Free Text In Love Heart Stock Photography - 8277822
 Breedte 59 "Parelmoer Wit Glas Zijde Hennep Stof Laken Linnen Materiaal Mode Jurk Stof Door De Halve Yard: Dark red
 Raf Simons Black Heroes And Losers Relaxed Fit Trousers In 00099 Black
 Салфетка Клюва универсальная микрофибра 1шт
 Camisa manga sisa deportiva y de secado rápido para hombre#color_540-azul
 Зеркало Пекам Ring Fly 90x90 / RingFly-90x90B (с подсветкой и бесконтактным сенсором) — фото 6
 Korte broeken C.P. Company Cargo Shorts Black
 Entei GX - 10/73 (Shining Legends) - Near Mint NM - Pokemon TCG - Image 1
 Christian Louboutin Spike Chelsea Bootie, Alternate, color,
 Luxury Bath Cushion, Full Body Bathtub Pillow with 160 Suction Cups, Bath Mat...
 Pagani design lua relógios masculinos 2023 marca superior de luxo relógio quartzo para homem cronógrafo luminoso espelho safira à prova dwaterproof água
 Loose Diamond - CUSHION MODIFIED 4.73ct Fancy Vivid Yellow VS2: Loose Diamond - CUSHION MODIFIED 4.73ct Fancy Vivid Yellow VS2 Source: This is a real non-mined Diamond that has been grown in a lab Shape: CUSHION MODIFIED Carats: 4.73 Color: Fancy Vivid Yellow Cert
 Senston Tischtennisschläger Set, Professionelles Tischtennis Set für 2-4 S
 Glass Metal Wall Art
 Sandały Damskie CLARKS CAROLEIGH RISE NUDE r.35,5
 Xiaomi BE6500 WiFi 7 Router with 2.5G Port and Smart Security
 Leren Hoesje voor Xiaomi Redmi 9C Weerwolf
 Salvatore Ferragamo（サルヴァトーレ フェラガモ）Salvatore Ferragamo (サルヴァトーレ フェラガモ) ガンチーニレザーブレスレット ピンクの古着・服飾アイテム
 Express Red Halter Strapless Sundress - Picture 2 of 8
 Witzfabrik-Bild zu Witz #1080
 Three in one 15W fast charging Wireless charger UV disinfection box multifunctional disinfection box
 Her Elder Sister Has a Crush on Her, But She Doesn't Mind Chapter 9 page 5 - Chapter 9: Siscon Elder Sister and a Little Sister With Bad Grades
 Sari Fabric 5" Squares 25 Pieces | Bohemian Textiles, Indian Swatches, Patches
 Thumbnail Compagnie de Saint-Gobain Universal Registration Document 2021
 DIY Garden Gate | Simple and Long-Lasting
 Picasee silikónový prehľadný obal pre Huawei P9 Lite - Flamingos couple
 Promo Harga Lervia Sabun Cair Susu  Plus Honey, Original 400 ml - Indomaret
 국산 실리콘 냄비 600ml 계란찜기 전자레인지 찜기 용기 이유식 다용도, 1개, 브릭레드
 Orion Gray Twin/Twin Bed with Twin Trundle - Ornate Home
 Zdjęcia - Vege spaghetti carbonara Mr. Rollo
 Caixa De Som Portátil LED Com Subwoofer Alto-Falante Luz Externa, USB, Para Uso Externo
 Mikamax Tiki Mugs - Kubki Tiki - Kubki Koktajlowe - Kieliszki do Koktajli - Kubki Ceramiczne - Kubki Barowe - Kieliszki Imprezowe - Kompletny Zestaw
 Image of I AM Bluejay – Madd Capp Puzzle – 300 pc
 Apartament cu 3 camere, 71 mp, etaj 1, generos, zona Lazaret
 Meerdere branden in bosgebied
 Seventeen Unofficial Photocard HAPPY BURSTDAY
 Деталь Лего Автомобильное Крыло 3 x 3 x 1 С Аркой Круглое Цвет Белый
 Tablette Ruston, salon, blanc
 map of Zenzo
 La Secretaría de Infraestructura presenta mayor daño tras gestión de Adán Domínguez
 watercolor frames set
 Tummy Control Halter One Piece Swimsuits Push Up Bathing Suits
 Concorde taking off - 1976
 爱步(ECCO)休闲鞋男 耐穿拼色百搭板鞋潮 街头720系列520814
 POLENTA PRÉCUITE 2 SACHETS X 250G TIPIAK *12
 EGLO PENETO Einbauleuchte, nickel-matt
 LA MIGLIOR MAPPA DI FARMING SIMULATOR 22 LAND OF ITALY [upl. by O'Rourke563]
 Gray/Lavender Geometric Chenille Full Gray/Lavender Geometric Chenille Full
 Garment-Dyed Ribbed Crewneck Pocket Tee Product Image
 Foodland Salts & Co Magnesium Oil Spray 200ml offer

□ □ □ □ □

* _What you will do_: Restate word for word the entries above from the line with "Christian Louboutin Spike" through the line with "Vivid Yellow Cert", inclusive, leaving out everything else.

* _Final answer_:
 Christian Louboutin Spike Chelsea Bootie, Alternate, color,
 Luxury Bath Cushion, Full Body Bathtub Pillow with 160 Suction Cups, Bath Mat...
 Pagani design lua relógios masculinos 2023 marca superior de luxo relógio quartzo para homem cronógrafo luminoso espelho safira à prova dwaterproof água
 Loose Diamond - CUSHION MODIFIED 4.73ct Fancy Vivid Yellow VS2: Loose Diamond - CUSHION MODIFIED 4.73ct Fancy Vivid Yellow VS2 Source: This is a real non-mined Diamond that has been grown in a lab Shape: CUSHION MODIFIED Carats: 4.73 Color: Fancy Vivid Yellow Cert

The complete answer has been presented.